A special feature of DSA is that it allows efficient analysis
of the statistical differences in word frequency between two
files. The user can specify that words in the first file are
to be read and stored as a dynamic stopword list; when the
second file is read, statistical analysis is done only on those
words not appearing (or rarely appearing) in the first file.

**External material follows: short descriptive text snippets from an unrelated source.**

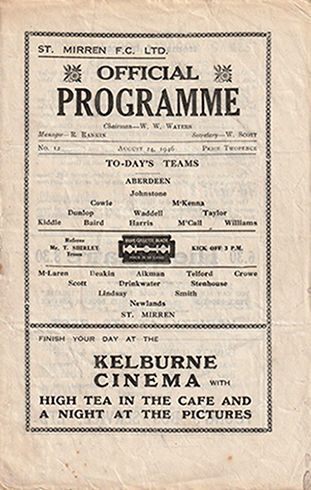 St.Mirren v Aberdeen 1946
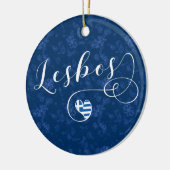 Lesbos, Grieks hart onder de vlag, Griekenland Keramisch Ornament (Links)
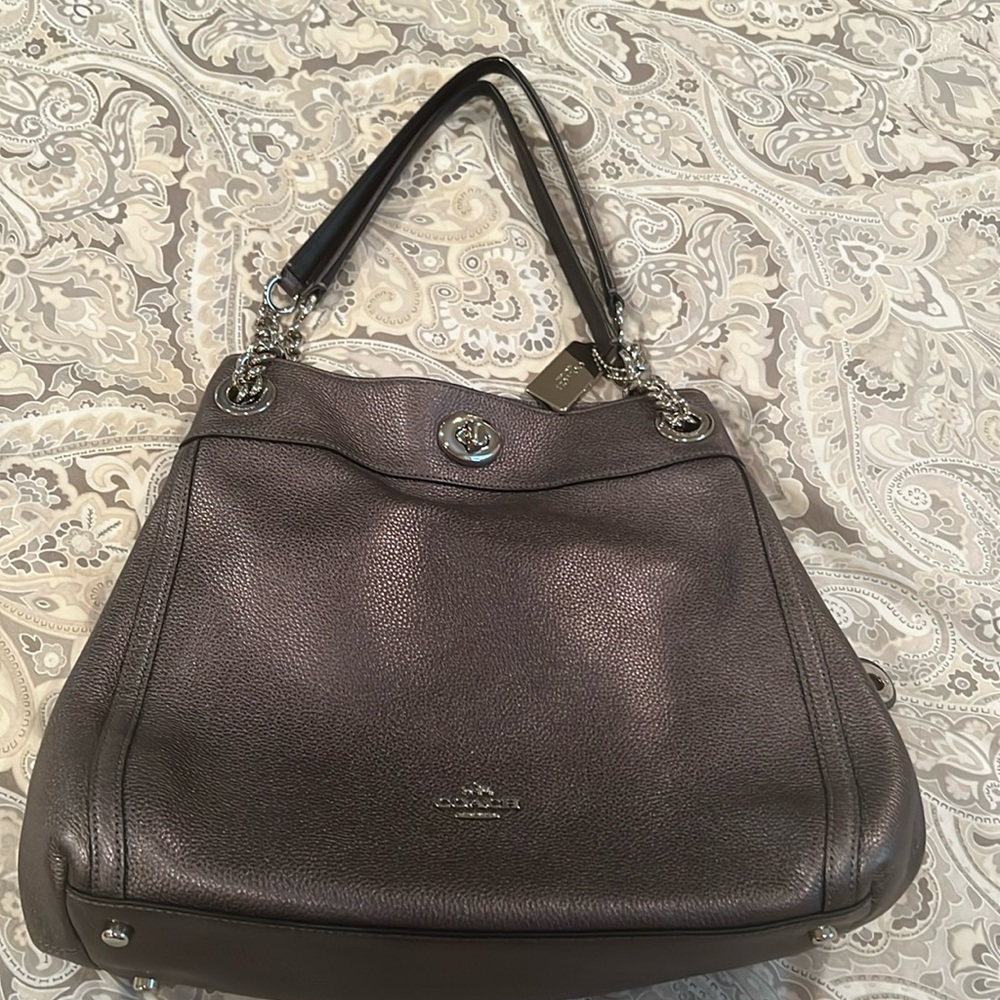 Coach Leather pewter colored bag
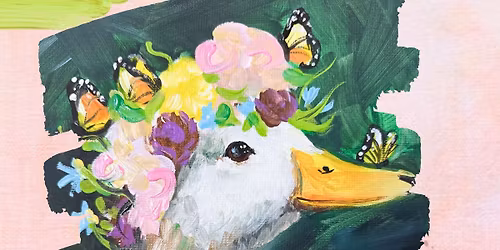 Duck with floral crown Paint Class at the Mad Cottage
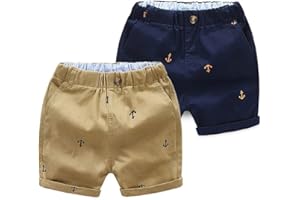 FVZKAR 2 Pack Toddler Baby Boys Girls Shorts Dinosaur Cotton Knit Cargo Summer Shorts Loose Shorts
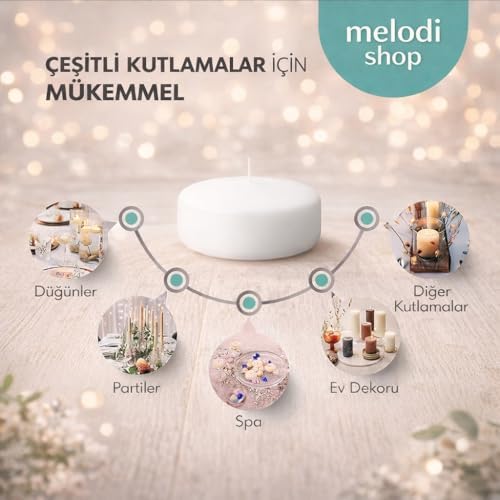 36 Adet Beyaz Yüzen Mum (Floating Candle), 7,6 cm Çap, Kokusuz, Uzun Süre Yanan, Temiz Alevli, Düğün, Etkinlik Dekoru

There is no limit on the size of the first file which defines
the stopword set; moreover, by means of an indirect command
file it is possible to specify a set of input files, rather
than a single file, as the source of stopwords. This
capability, combined with the corresponding possibility of
replacing the second single file by a list of filenames, permits
flexible and sophisticated differential statistical analyses of
plural texts. To facilitate optimisation of run-time
performance on various hardware platforms, there are
command-line options permitting the user considerable control
over both memory allocation and the deployment of temporary
files for intermediate analysis steps.
DSA is intended as an instrument for researching the
effectiveness of approaches to information retrieval based on
word-frequency statistics. Published literature suggests that
statistical methods are sometimes successful, but quantitative
confirmation is often lacking.
The program is currently supplied as executables for OS2, for
DOS with conventional memory only, and for DOS making use
of the GNU 32-bit DOS extender. An SCO-UNIX executable is
available on request. All source code is included in the
software distribution.
2. HOW TO INSTALL DSA FOR DOS/OS2
Copy all files, including all subdirectories, from the
installation diskette to a suitably named directory on the
hard disk. For example, under OS2:
D:
mkdir dsa
cd dsa
xcopy a:\*.* . /s /e /v
The directory D:\DSA may then be added to the search path by
modifying AUTOEXEC.BAT or STARTUP.CMD as appropriate.
3. PROGRAM DESIGN
The basic design of DSA is illustrated in Figure 1. There are
three data structures called indexes, which may be regarded as
alphabetically ordered lists of words; each of these words is
accompanied by a number which represents its frequency, that
is, the number of times that this word has occurred in the input
text since the index was initialised. For reasons which are
unimportant here, the three indexes are referred to as Tree 0,
Tree 1 and Tree 2. Initially it is helpful to think of Tree
0 and Tree 1 as being of approximately the same size, whereas
Tree 2 is much smaller. Tree 2 has only one purpose: to
hold a small list of conventional stopwords such as "the",
"but" and so on. Tree 1 has two primary functions: first,
to hold a (possibly very large) list of stopwords taken from
a text file or set of files; and, secondly, to serve as the
temporary working storage space which is required for the step
of generating output in frequency-ranked format: that is, with
the most commonly occurring words at the top of the list.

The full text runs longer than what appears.